## What needs to be done:
The required answer is an exact copy of the records below, without pictures.
%%
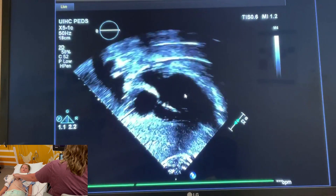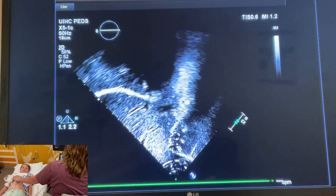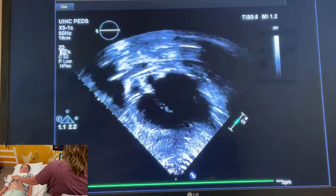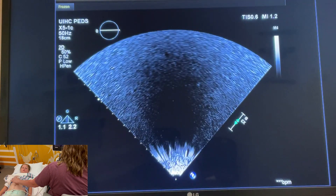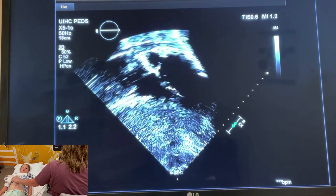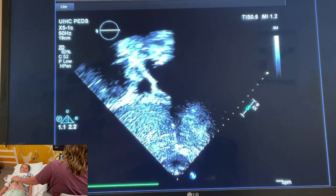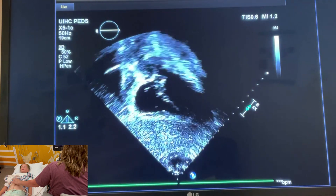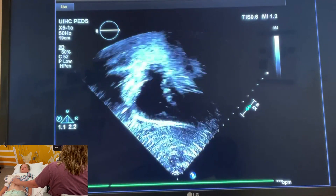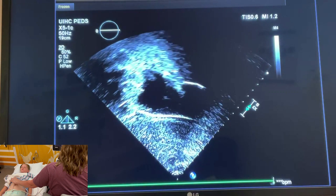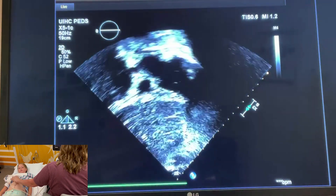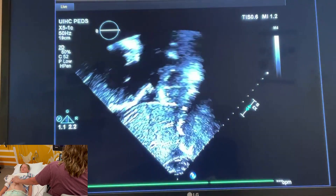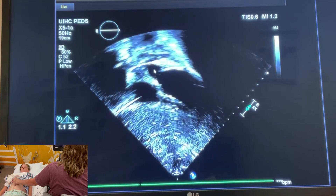We'll do a sweep up to show that, and then if you keep tipping anterior we're going to see the great arteries arise. I'm going to tip up — the first branch is the aorta typically, and then the pulmonary artery. Here coming up: this is aorta, pulmonary artery.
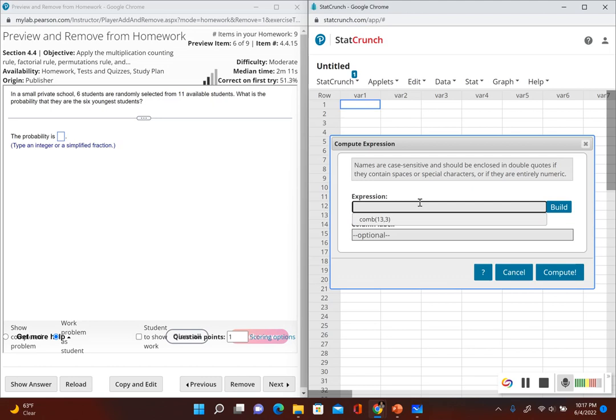So now the expression you're going to put in, you put COMB for combinations, put a parenthesis, next you put the number of available students you have, put a comma, and then the number of students you're choosing.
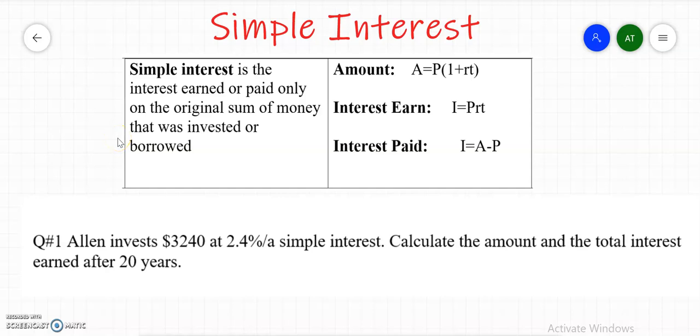Simple interest is basically the interest earned or paid only on the original sum of money that was invested or borrowed.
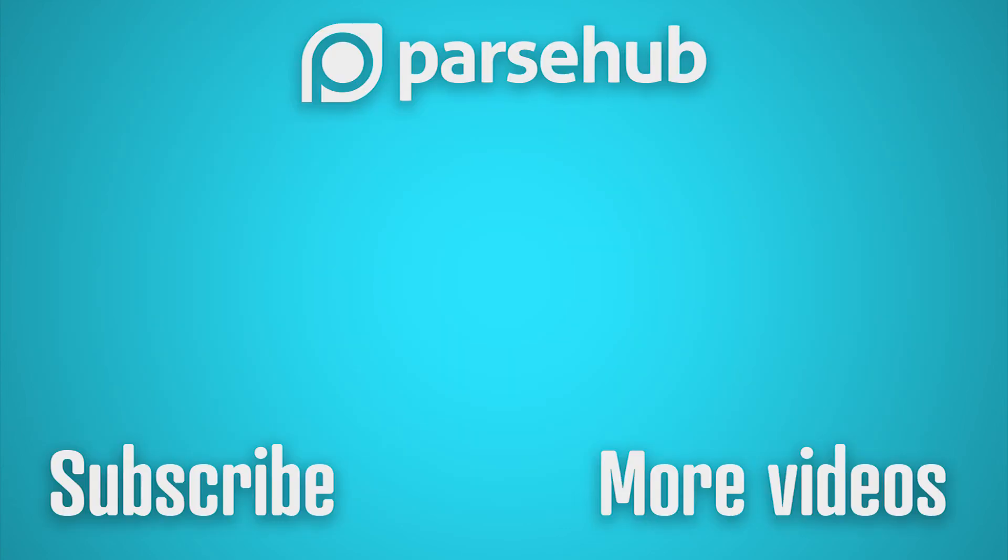For now, thanks for watching our video. If you want to learn more about web scraping, check us out at ParseHub.com and subscribe to our YouTube channel for more videos on web scraping, data, and the internet.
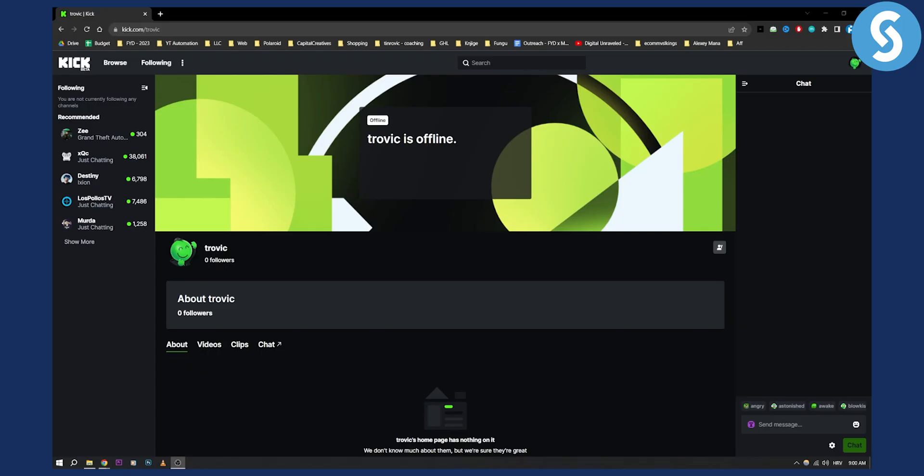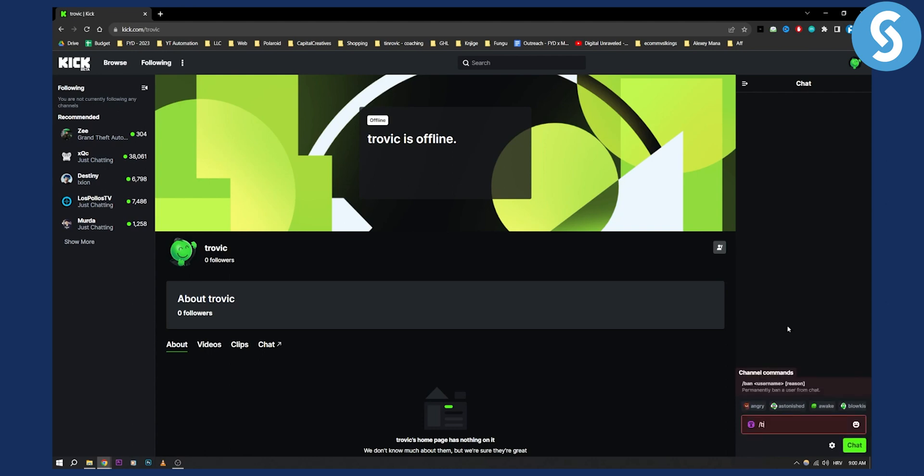As you can see we're here in my Kick chat. Let's say you ban someone. I'll first show how you can ban and then how you can unban. The way you can ban someone is just go here, slash ban, and then you'll need to put a username. So at username and then reason. A reason could be spamming or whatever.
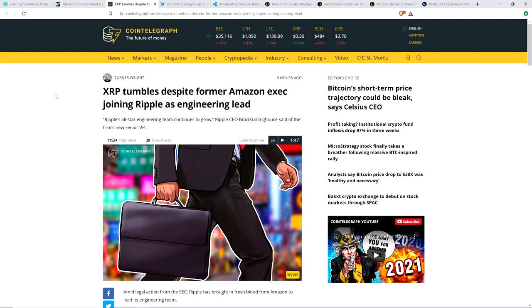And here's the headline we got from Cointelegraph. What the hell is this crap? XRP tumbles despite former Amazon exec joining Ripple as engineer lead. So, I'm sorry. Can we just pause for a moment here? Turner Wright, who wrote this for Cointelegraph. Turner, let me ask him. Are you supposing it would be reasonable to believe that Ripple hires one employee out of their roughly 500 employee team? And that's supposed to impact XRP markets the world over?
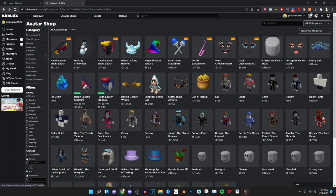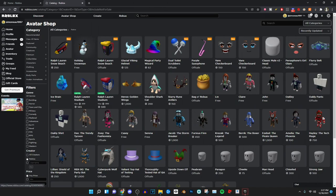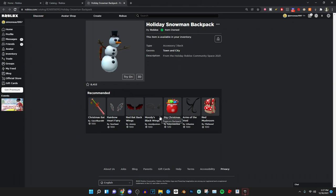And you guys will see right here the Holiday Snowman is right there. You guys can see it is actually obtainable for all Roblox players, so you actually can go ahead and get it now.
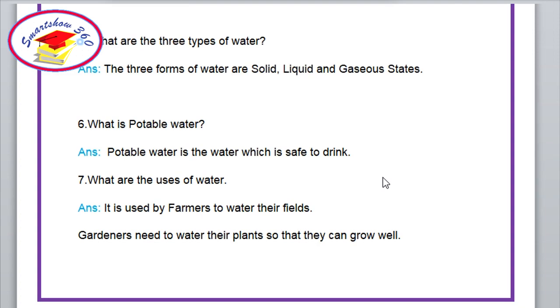Question number 5. What are the three forms of water? Answer: The three forms of water are solid, liquid and gaseous states.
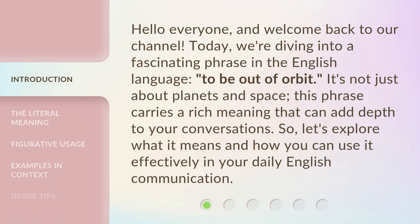Hello everyone, and welcome back to our channel. Today, we're diving into a fascinating phrase in the English language: to be out of orbit. It's not just about planets and space. This phrase carries a rich meaning that can add depth to your conversations. Let's explore what it means and how you can use it effectively in your daily English communication.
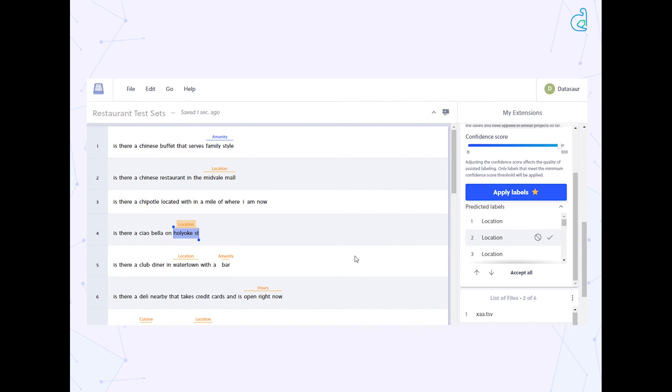At Datasaur, we believe in improving the quality and throughput of the data labeling process. This new feature is an important step in that direction.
%%
## Reply to the task:
We'll do a sweep up to show that, and then if you keep tipping anterior we're going to see the great arteries arise. I'm going to tip up — the first branch is the aorta typically, and then the pulmonary artery. Here coming up: this is aorta, pulmonary artery.
So now the expression you're going to put in, you put COMB for combinations, put a parenthesis, next you put the number of available students you have, put a comma, and then the number of students you're choosing.
Simple interest is basically the interest earned or paid only on the original sum of money that was invested or borrowed.
For now, thanks for watching our video. If you want to learn more about web scraping, check us out at ParseHub.com and subscribe to our YouTube channel for more videos on web scraping, data, and the internet.
As you can see we're here in my Kick chat. Let's say you ban someone. I'll first show how you can ban and then how you can unban. The way you can ban someone is just go here, slash ban, and then you'll need to put a username. So at username and then reason. A reason could be spamming or whatever.
And here's the headline we got from Cointelegraph. What the hell is this crap? XRP tumbles despite former Amazon exec joining Ripple as engineer lead. So, I'm sorry. Can we just pause for a moment here? Turner Wright, who wrote this for Cointelegraph. Turner, let me ask him. Are you supposing it would be reasonable to believe that Ripple hires one employee out of their roughly 500 employee team? And that's supposed to impact XRP markets the world over?
And you guys will see right here the Holiday Snowman is right there. You guys can see it is actually obtainable for all Roblox players, so you actually can go ahead and get it now.
Question number 5. What are the three forms of water? Answer: The three forms of water are solid, liquid and gaseous states.
Hello everyone, and welcome back to our channel. Today, we're diving into a fascinating phrase in the English language: to be out of orbit. It's not just about planets and space. This phrase carries a rich meaning that can add depth to your conversations. Let's explore what it means and how you can use it effectively in your daily English communication.
At Datasaur, we believe in improving the quality and throughput of the data labeling process. This new feature is an important step in that direction.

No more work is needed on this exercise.